En estos días se discute cómo avanzar en el proceso de redactar una nueva Constitución, conforme a lo aprobado en el plebiscito de 2021 y a lo que se comprometieron casi todos los partidos políticos en 2022, si se rechazaba el texto propuesto. Para ello las lecciones sacadas del proceso anterior resultan muy importantes.
Probablemente la primera a extraer es que comenzar a partir de una página en blanco es una mala idea. En el caso recién votado se quiso impedir que la Constitución vigente incidiera con sus preceptos en la nueva y se argumentó que esa fórmula permitiría que ningún sector partiera la discusión en supuesta situación de ventaja; el costo, sin embargo, fue ignorar la rica tradición y experiencia constitucional chilenas, avivando la imaginación de convencionales que entendieron aquello como una carta blanca para refundar el país conforme sus particulares ideologismos, alejándose completamente de las aspiraciones ciudadanas, todo lo cual quedó plasmado con elocuencia en el resultado del plebiscito. De ahí que el debate se haya centrado ahora en acordar un conjunto de principios que la nueva Constitución deberá recoger y que por lo mismo suponen marcos y límites para su discusión. Es de todo sentido que esas definiciones las realice el Congreso, que es el que ejerce el poder constituyente y que eventualmente entregaría a un nuevo órgano la tarea de redactar una propuesta de Carta Fundamental. Se ha constatado, además, la importancia de mantener un plebiscito de salida con voto obligatorio, que asegure que la población manifieste su aprobación o rechazo a ese texto, toda vez que sus consecuencias, al revés de lo que ocurre en otras elecciones, pueden durar varias décadas.
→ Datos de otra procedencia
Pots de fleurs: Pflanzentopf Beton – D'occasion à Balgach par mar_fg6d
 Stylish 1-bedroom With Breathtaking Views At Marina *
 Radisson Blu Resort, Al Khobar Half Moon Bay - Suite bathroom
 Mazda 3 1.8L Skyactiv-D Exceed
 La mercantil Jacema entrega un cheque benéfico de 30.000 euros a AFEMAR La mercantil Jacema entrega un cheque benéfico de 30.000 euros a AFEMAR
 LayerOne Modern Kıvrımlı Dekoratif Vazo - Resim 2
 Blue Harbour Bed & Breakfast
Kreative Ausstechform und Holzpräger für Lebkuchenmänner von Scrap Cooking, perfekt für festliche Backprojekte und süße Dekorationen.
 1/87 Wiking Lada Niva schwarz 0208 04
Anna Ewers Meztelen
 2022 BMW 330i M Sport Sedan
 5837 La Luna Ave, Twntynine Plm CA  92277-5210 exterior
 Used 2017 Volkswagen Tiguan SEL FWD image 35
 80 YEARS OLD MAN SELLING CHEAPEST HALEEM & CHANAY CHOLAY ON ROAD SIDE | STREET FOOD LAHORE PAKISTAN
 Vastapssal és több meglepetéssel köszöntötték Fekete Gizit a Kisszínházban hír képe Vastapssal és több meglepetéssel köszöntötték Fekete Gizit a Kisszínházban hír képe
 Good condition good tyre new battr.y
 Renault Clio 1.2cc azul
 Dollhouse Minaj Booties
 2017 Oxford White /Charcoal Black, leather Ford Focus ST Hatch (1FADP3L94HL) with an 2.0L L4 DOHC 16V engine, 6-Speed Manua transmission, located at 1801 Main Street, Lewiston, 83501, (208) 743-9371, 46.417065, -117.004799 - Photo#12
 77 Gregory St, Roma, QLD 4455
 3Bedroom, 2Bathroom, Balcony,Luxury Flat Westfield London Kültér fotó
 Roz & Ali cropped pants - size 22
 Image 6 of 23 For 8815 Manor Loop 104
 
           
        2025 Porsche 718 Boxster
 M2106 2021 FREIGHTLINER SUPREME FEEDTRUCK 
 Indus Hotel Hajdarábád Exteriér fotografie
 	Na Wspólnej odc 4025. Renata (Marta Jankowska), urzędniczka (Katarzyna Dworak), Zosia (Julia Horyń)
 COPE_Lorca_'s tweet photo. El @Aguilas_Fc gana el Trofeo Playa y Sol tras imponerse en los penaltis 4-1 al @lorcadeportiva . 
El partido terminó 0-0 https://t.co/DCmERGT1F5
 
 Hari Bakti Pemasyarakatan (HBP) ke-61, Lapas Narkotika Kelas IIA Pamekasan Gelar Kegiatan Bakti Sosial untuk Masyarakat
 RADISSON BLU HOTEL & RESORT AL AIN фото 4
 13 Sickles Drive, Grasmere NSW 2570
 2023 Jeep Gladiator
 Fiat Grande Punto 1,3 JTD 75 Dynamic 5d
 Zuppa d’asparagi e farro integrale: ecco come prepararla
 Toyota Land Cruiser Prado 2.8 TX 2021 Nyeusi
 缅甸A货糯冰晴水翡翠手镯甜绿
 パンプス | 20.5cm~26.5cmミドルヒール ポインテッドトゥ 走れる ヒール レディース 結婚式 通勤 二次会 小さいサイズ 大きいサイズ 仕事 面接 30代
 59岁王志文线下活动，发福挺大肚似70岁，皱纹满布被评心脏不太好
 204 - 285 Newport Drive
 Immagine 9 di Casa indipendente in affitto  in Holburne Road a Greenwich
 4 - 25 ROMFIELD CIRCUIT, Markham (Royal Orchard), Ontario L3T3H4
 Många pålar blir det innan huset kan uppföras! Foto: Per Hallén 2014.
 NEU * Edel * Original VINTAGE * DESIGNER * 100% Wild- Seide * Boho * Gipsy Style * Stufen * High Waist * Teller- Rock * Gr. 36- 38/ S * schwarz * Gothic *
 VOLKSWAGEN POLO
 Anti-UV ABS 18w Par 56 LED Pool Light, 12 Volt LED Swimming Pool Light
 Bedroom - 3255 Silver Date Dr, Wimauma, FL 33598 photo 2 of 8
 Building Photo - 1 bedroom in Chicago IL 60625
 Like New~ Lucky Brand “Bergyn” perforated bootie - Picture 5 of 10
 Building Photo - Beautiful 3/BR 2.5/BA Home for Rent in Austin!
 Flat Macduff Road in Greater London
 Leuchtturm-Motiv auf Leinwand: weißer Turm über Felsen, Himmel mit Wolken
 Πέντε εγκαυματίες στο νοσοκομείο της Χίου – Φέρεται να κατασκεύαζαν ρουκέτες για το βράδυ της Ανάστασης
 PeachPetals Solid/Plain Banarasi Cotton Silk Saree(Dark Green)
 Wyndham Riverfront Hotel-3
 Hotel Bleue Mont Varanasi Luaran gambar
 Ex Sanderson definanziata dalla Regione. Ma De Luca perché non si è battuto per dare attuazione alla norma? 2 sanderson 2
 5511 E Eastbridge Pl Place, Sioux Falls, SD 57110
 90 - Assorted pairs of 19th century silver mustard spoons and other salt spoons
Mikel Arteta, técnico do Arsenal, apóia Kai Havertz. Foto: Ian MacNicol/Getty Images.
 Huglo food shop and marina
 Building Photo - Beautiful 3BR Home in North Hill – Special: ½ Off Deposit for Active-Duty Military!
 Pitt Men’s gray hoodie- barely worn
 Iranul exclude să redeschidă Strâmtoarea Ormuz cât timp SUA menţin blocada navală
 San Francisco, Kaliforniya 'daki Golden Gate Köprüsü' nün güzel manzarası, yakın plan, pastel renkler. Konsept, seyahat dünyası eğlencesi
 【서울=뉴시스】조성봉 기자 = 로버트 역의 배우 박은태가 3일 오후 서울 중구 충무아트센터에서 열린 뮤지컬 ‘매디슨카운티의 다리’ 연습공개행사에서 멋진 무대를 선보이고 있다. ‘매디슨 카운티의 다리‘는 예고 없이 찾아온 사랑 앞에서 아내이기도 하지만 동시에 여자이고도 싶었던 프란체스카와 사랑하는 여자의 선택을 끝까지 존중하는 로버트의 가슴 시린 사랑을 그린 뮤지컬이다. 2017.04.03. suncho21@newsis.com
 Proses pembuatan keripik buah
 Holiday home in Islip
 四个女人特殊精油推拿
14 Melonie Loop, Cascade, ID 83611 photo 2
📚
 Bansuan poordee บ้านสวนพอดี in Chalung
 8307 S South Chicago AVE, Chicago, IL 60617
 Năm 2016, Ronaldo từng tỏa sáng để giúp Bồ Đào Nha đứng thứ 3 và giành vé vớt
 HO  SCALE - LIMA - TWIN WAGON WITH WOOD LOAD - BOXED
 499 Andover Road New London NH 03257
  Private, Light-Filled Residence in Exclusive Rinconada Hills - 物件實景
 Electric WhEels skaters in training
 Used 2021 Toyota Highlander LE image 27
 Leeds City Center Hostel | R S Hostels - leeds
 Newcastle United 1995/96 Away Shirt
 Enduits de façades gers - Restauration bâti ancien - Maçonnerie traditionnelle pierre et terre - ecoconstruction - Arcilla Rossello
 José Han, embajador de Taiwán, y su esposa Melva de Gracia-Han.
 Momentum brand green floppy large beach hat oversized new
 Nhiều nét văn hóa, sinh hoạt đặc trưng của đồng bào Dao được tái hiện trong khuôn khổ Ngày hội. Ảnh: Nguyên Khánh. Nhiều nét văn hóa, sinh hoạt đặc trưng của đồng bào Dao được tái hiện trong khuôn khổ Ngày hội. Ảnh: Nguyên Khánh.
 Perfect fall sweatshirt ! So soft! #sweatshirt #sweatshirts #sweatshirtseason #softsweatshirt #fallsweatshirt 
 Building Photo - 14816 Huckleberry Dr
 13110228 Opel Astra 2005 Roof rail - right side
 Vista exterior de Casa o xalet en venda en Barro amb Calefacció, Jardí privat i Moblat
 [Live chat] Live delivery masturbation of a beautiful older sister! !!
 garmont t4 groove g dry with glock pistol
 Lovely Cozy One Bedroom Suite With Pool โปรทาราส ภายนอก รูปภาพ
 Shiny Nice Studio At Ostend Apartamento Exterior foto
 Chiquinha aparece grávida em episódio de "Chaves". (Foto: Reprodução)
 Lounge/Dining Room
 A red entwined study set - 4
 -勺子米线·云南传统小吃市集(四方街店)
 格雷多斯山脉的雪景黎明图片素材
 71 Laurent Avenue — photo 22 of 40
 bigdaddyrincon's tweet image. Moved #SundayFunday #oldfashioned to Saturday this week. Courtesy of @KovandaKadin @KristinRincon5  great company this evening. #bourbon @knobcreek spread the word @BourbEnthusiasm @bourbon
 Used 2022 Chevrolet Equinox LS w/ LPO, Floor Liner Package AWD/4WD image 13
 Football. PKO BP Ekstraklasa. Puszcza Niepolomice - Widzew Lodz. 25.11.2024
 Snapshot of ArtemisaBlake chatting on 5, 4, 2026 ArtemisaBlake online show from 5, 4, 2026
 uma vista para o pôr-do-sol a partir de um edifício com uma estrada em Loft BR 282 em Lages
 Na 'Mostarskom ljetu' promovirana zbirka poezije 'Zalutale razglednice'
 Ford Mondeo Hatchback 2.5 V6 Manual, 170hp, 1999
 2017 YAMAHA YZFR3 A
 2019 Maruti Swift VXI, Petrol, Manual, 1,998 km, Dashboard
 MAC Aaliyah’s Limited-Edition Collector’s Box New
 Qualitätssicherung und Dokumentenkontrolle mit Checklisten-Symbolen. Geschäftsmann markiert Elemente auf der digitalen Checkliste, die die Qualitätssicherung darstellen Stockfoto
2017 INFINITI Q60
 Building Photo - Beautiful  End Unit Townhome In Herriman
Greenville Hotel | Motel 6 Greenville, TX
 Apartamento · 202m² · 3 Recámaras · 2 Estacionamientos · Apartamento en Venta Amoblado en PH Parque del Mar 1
Una segunda lección, si es que se avanza —como todo parece indicar— en la idea de un nuevo órgano electo total o parcialmente, es la necesidad de importantes modificaciones respecto del modo en que fueron elegidos los integrantes de la Convención. Permitir listas de independientes agrupados bajo un nombre común, pero sin historia pública conocida ni responsabilidad ulterior, no debe repetirse. Confunde a la población, incentiva la fragmentación, con la consiguiente dificultad en la construcción de acuerdos, y —se demostró— favorece comportamientos irresponsables. Por otra parte, impulsar la paridad al inicio del proceso permite satisfacer justas demandas de género, pero la corrección electoral a la salida choca con el principio democrático de la igualdad del voto. Asimismo, establecer escaños reservados para los pueblos indígenas se tradujo en una importante distorsión, no solo porque quienes votaron por ellos —algo menos del 4%— eligieron a un 11% de convencionales, sino porque la mayor parte de dichas etnias prefirieron sufragar por candidatos generales, de modo que la Convención estuvo lejos de representar lo que esos pueblos querían. El plebiscito se encargó de ratificar aquello de manera categórica. Al respecto, el oficialismo ha propuesto una Convención electa de 125 miembros, con paridad de entrada y salida, y 9 escaños reservados para pueblos originarios, ideas que escasamente se hacen cargo de las lecciones recientemente aprendidas.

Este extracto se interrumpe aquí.